= Beginning of Section =

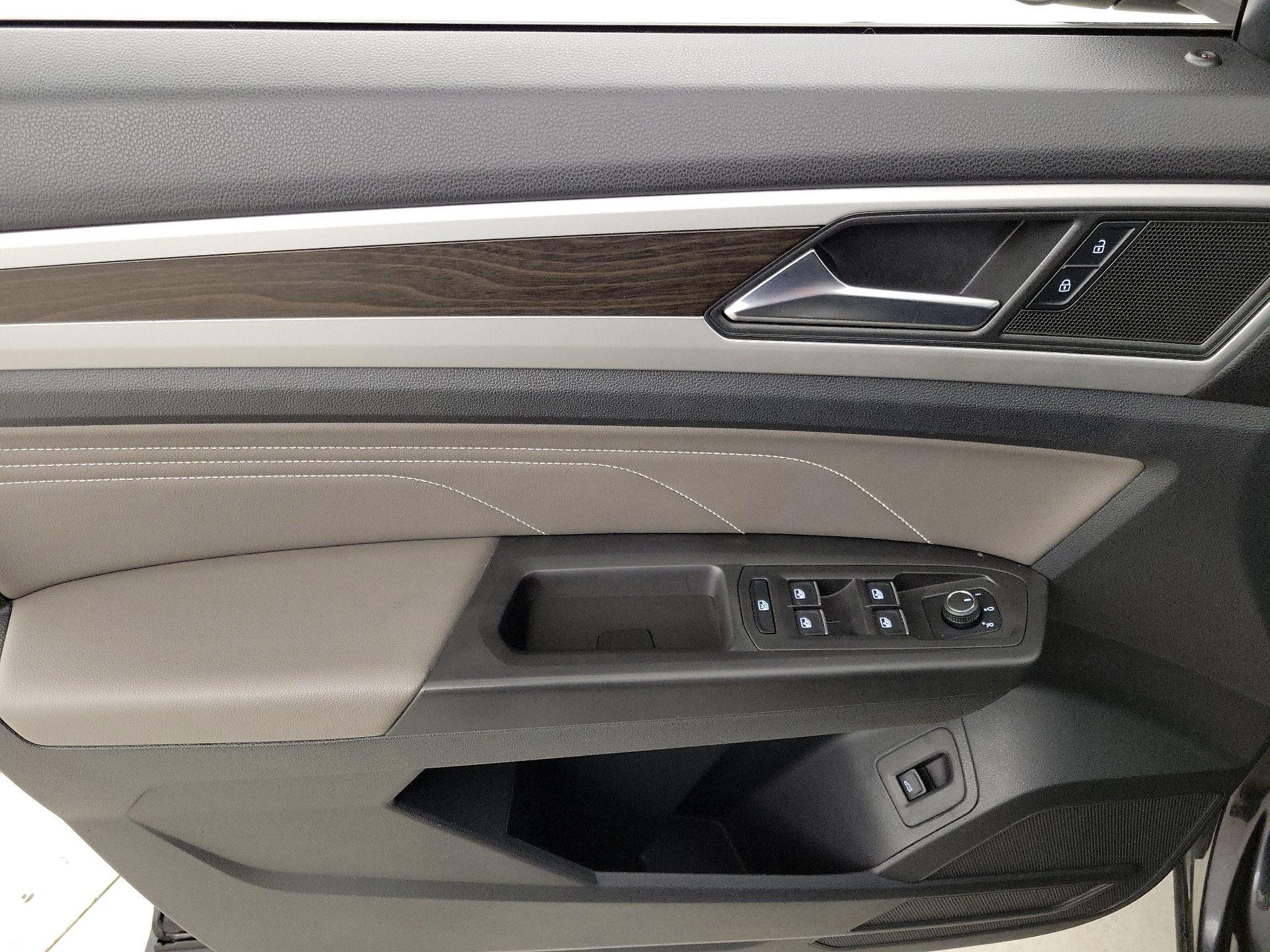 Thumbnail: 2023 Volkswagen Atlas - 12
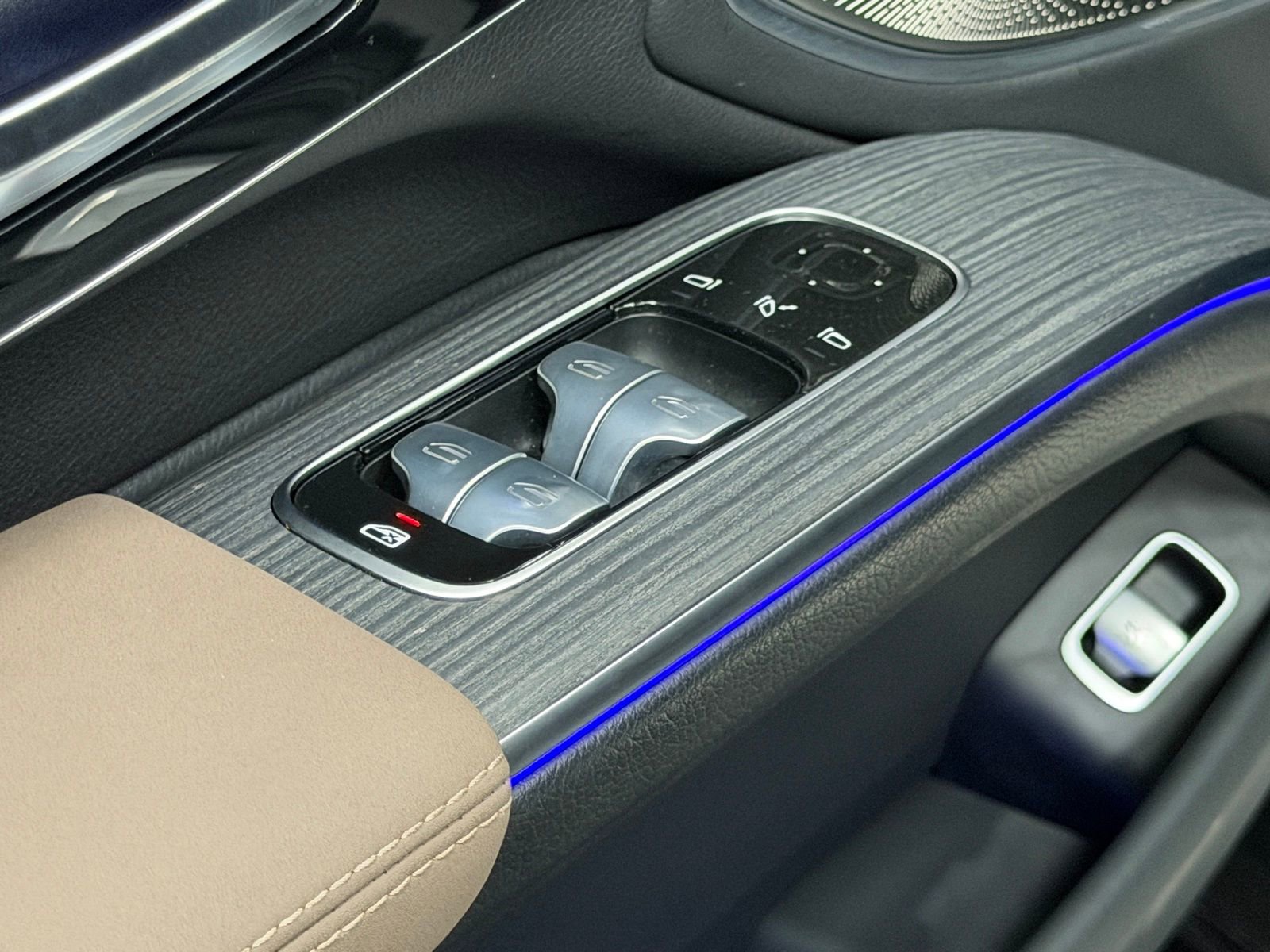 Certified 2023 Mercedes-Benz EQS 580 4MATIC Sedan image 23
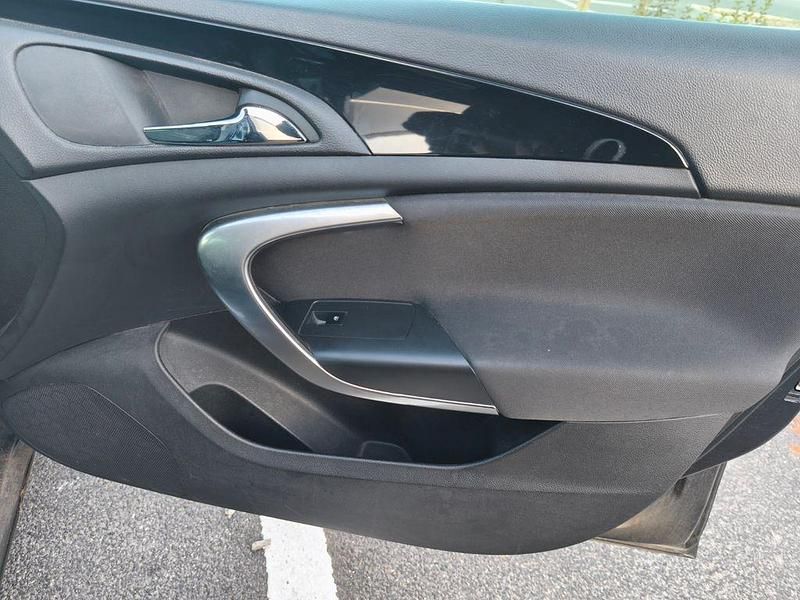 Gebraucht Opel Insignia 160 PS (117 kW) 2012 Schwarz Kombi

= End of Section =
= Beginning of Section =

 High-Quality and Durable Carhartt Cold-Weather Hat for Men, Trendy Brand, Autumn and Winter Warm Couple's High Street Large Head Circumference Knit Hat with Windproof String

= End of Section =
= Beginning of Section =

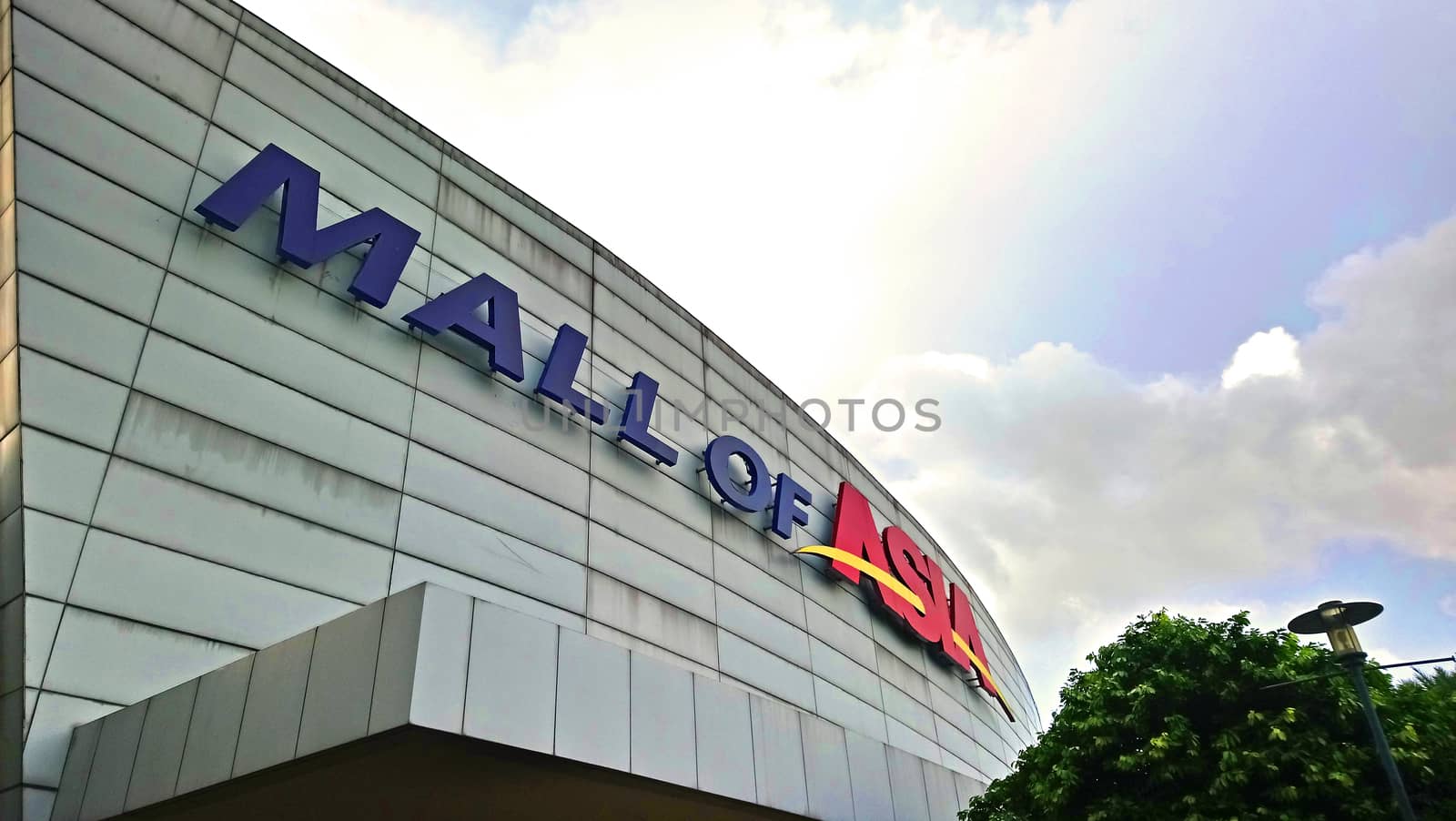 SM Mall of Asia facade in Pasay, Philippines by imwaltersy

= End of Section =

Directions for this task: Within the listing above, write out the stretch from the line with "Thumbnail: 2023 Volkswagen Atlas - 12" through the line with "Gebraucht Opel Insignia" exactly. Any pictures are to be left out.

Answer section:
 Thumbnail: 2023 Volkswagen Atlas - 12
 Certified 2023 Mercedes-Benz EQS 580 4MATIC Sedan image 23
 Gebraucht Opel Insignia 160 PS (117 kW) 2012 Schwarz Kombi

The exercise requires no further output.